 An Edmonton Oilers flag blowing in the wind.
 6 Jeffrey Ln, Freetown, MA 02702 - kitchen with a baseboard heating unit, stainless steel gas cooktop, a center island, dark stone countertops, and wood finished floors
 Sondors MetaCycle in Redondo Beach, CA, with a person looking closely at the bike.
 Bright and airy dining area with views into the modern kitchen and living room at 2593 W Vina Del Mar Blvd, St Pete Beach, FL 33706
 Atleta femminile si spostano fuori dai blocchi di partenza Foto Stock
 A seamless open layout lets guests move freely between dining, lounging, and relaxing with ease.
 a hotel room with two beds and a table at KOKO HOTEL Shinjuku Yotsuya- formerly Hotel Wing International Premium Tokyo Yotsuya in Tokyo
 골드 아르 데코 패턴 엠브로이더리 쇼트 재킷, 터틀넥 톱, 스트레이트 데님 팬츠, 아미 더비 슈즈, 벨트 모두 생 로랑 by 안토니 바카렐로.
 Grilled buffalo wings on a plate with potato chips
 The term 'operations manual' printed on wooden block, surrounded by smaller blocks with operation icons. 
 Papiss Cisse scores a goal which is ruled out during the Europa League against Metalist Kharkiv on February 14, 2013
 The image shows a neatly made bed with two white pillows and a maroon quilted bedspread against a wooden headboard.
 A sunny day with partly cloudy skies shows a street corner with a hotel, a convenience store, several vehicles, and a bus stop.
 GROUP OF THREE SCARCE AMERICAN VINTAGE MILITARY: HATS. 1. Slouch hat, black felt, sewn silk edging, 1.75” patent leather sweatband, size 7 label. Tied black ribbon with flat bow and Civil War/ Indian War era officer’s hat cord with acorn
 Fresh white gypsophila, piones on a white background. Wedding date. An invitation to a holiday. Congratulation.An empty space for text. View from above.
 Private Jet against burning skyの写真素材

-=-=-=-=-

-- EXERCISE OBJECTIVE --
Starting from the records above, copy each line where the string "wooden" is found.

-- ANSWER FOR THIS EXERCISE --
 The term 'operations manual' printed on wooden block, surrounded by smaller blocks with operation icons. 
 The image shows a neatly made bed with two white pillows and a maroon quilted bedspread against a wooden headboard.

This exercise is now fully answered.